112017Ago
Prevención en la adolescencia

Prevención en la adolescencia

Según la Organización Mundial de la Salud (OMS) los adolescentes representan un sexto de la población mundial.

Existe una gran dificultad para hablar de temas de salud con esta población ya que, en general, se sienten inmortales y piensan que todo lo pueden. Además la transición entre el médico pediatra y el médico clínico suele ser dificultosa ya que muchos de ellos cuando dejan de acudir al pediatra con sus padres, no continúan con sus controles de salud.

Si bien la mayoría de los adolescentes goza de buena salud, hay múltiples aspectos a tener en cuenta para prevenir la aparición de problemas en esta etapa. En esta nota te contamos algunos de los más importantes.

Consumo de alcohol, drogas y tabaco: reduce el autocontrol y aumenta los comportamientos de riesgo (relaciones sexuales no protegidas, hechos de violencia, accidentes, etc.). Fijar una edad mínima para comprar y consumir alcohol y regular la forma en que se promocionan las bebidas alcohólicas para el mercado de los jóvenes son algunas de las estrategias que pueden ayudar a reducir el consumo nocivo de alcohol.

Trastornos de la conducta alimentaria: esta es una época de cambios físicos y psicológicos, además de presiones sociales, donde, en algunos casos, aparece cierto disgusto con el cuerpo. Si esto pasa, el adolescente puede recurrir a métodos agresivos para controlar su peso y así desarrollar un trastorno de este tipo. Lo ideal es observar su comportamiento y reforzar la imagen positiva de su cuerpo, afianzando su autoestima.

Sedentarismo e hiperconectividad: el uso excesivo de la tecnología y la conexión a través de múltiples dispositivos alienta el sedentarismo y atenta contra el concepto de vida sana, deporte y aire libre.

Accidentes de tránsito: los adolescentes que empiezan a manejar deben estar informados acerca de normas de educación vial y debe hacerse particular hincapié en no manejar si beben alcohol. Como peatones, es creciente el número de accidentes por estar absortos en sus celulares o reproductores de música, y por ello no prestar atención a su entorno en la vía pública.

Prevención de enfermedades de transmisión sexual: es fundamental que los adolescentes estén informados acerca de las enfermedades de transmisión sexual como HIV, sífilis, hepatitis, entre otras, y su prevención mediante el uso de preservativo.

Anticoncepción: en Argentina son alarmantes las cifras de embarazo adolescente. En este aspecto es fundamental la implementación de un programa de salud sexual y reproductiva orientado a adolescentes.

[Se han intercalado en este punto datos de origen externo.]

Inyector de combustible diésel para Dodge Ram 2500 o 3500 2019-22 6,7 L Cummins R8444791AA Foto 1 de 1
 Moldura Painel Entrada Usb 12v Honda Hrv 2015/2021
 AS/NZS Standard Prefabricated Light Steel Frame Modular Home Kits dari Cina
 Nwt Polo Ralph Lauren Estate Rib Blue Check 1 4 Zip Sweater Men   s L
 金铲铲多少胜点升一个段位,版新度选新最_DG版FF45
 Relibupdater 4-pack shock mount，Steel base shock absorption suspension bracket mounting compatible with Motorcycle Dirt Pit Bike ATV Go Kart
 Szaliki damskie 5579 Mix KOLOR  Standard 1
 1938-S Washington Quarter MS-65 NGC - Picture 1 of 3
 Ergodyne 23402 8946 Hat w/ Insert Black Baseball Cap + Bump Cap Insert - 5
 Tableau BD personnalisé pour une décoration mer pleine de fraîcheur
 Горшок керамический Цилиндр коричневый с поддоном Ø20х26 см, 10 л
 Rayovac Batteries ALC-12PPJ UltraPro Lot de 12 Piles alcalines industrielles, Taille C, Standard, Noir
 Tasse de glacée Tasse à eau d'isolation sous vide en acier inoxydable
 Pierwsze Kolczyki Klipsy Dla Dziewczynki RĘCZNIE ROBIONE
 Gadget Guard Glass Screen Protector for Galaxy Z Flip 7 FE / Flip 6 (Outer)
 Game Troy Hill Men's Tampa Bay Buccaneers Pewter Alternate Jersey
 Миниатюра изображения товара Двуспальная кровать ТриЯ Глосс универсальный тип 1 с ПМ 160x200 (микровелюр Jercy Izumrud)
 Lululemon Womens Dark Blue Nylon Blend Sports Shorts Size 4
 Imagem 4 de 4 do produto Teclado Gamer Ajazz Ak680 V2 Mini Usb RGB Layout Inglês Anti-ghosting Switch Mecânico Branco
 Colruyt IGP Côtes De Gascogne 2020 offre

Vacunas en la adolescencia: las vacunas son una herramienta fundamental para la prevención de enfermedades. Al igual que con los controles médicos, los niños suelen tener sus vacunas al día mientras dependen de sus padres pero cuando van logrando cierta independencia, las medidas de cuidado van disminuyendo.

Las niñas y niños deben recibir la vacuna contra HPV a los 11 años de edad (y pasados los 6 meses la segunda dosis), y la vacuna antimeningocócica. También se debe completar el esquema de triple viral (contra sarampión, rubéola y paperas) y doble bacteriana (difteria y tétanos). Los jóvenes que no tengan el esquema completo (3 dosis) de hepatitis B, deben recibirla.

La clave está en hablar con ellos de estas temáticas, que puedan sentirse libres de preguntarnos lo que sea sin temor a ser juzgados.

Debemos aprovechar la adolescencia para ayudarlos a madurar y convertirse en adultos sanos, felices y responsables.